Problem #2: Thermostat related issues
The thermostat is the device that is used by an individual to instruct the unit when and how to operate. Unfortunately, thermostats can fail over time or stop working due to damage to the thermostat wiring.
Before testing the thermostat itself, test the wires within the unit to make they are good. In order to determine the function of each color wire, read the units wiring diagram, which is usually found on the cover plate, to the control board.
Typically, the wires follow a pattern similar to the example below:
Brown wire = Common from the transformer
Red wire = 24 volt power from the transformer
Green wire = for the fan
Yellow wire = for air conditioning
White wire = for heat
To test the wires in the unit, use a wire nut or jumpers to connect the power wire (red) and the heat wire (white). (Note: The thermostat wire and the thermostat batteries are bypassed when using a wire nut or jumpers to connect wires in the package unit.) When connected, the inducer motor should immediately turn on. If the inducer motor does not turn on, this indicates that the problem is likely with the thermostat or the thermostat wire.
The Thermostat Batteries
If testing the wires indicates that the
problem is within the thermostat or the thermostat wiring, the first thing to do is replace or test the thermostat batteries. If the charge in the batteries becomes low enough, the thermostat will not have the power to close the contacts to send a signal back to the control board in the unit.
the Thermostat Wiring
If the batteries are not the problem, it is likely that the thermostat wiring has been damaged. Since a portion of the thermostat wiring is outside, it is susceptible to damage from the elements and may even be chewed on by animals. It is important to thoroughly inspect the wiring, as it may need to be replaced.
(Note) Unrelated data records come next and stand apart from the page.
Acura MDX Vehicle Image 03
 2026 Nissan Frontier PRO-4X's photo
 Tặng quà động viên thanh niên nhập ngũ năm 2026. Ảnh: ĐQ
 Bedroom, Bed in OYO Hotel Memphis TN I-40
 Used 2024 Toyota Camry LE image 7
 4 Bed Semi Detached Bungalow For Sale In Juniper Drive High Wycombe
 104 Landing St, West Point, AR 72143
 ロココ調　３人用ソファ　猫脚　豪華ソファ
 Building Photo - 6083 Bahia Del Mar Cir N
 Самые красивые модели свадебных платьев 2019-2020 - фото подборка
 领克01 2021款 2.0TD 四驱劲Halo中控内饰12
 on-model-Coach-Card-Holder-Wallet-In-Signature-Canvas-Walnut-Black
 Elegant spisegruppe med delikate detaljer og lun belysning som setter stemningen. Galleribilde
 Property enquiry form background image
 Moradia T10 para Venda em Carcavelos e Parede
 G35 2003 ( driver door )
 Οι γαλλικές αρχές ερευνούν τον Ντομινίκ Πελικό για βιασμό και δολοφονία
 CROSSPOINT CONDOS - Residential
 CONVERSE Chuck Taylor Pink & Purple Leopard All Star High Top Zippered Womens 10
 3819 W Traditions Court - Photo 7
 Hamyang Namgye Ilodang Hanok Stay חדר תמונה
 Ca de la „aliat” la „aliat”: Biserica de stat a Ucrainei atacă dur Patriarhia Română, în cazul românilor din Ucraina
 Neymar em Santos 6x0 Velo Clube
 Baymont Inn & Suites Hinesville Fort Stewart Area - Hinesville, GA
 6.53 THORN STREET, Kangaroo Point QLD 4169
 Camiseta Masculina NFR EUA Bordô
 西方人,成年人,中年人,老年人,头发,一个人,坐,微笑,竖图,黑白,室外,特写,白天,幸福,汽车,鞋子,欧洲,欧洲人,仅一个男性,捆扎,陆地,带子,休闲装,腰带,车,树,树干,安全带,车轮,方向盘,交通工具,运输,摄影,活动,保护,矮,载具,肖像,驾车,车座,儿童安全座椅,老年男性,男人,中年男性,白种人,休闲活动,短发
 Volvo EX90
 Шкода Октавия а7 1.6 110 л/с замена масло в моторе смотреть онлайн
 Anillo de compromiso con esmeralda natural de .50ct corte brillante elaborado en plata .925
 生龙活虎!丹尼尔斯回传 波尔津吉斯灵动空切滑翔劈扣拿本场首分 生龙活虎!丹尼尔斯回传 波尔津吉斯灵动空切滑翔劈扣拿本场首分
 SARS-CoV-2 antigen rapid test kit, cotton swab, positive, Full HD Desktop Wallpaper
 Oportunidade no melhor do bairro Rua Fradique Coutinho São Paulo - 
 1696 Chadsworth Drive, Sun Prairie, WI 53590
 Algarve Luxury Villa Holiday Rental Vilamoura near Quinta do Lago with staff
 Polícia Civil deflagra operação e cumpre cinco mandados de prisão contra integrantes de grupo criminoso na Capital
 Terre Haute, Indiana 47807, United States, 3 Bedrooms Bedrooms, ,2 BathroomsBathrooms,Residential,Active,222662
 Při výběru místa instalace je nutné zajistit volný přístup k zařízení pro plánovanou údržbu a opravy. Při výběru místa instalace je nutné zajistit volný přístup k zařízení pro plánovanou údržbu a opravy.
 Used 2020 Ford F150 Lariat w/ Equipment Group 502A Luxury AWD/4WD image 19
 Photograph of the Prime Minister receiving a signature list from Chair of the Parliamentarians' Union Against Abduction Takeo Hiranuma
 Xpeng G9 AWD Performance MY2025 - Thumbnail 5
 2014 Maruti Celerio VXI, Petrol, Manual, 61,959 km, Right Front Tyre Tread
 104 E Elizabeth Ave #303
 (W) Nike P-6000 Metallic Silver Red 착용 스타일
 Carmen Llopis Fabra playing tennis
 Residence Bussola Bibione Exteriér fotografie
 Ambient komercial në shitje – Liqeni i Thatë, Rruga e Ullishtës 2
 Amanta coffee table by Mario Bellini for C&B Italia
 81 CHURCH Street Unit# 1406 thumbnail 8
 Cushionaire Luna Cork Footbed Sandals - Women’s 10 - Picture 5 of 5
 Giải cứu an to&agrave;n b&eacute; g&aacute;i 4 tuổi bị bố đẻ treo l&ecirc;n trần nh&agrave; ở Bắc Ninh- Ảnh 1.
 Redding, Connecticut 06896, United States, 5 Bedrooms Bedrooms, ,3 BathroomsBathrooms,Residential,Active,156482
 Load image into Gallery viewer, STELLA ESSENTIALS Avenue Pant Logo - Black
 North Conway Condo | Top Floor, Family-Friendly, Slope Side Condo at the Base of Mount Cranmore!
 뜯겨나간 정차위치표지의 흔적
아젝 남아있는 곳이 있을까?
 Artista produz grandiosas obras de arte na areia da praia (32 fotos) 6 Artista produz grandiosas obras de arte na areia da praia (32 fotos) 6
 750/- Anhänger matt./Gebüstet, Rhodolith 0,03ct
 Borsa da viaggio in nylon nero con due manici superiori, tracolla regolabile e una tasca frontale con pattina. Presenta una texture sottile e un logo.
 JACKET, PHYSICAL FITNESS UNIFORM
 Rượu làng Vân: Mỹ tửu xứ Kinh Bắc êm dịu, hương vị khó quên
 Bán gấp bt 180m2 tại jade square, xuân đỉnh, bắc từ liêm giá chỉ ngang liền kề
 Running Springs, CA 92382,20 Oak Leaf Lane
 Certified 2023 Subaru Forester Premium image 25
Depending on how many individual wires are in the thermostat wire jacket, it may be possible to switch a damaged wire with a spare wire, if an extra wire is available. If this is done, be sure to switch the damaged wire with the spare both in the unit and at the thermostat.
If the previous steps did not correct the problem, be sure to test for the correct voltage between the hot and common wire. If the correct voltage is present from the transformer, then it is likely that the thermostat itself is damaged and needs to be replaced.
the Thermostat itself
If the wires, the batteries, and power to the package unit are not the issues, there is a chance that the problem is with the thermostat itself. In this case, replace the thermostat.
Problem #3: Seized Inducer Motor or the Inducer Motor Capacitor is Bad
The inducer motor, which is responsible for forcing the exhaust fumes out of the unit is a critical component to the heating process, but it can stop operating properly and prevent the system from running. To determine if the inducer has failed or has stopped working properly, first make sure that it has power. If the inducer motor has power, but the motor is not starting or moving, test the inducer motor capacitor. (Note: A shaded pole inducer motor does not have a capacitor.)
If the capacitor is not the issue, then test that the motor is not seized. With the power off, attempt to turn the motor shaft or fan blades of the inducer. If the shaft or blades will not turn or they are very stiff, the inducer motor will need to be replaced.
Problem #4: Damaged Inducer Wheel, Clogged Port, or a Pressure Switch Issue
Although the inducer motor itself may be functional, it is possible for problems to occur with the parts and components it is connected to.
Damaged Inducer Wheel
One issue that can prevent a functioning inducer motor from operating properly, is aa damaged inducer fan wheel or fan blades. To check, remove the inducer motor cover to see if the wheel is damaged. Replace any broken parts.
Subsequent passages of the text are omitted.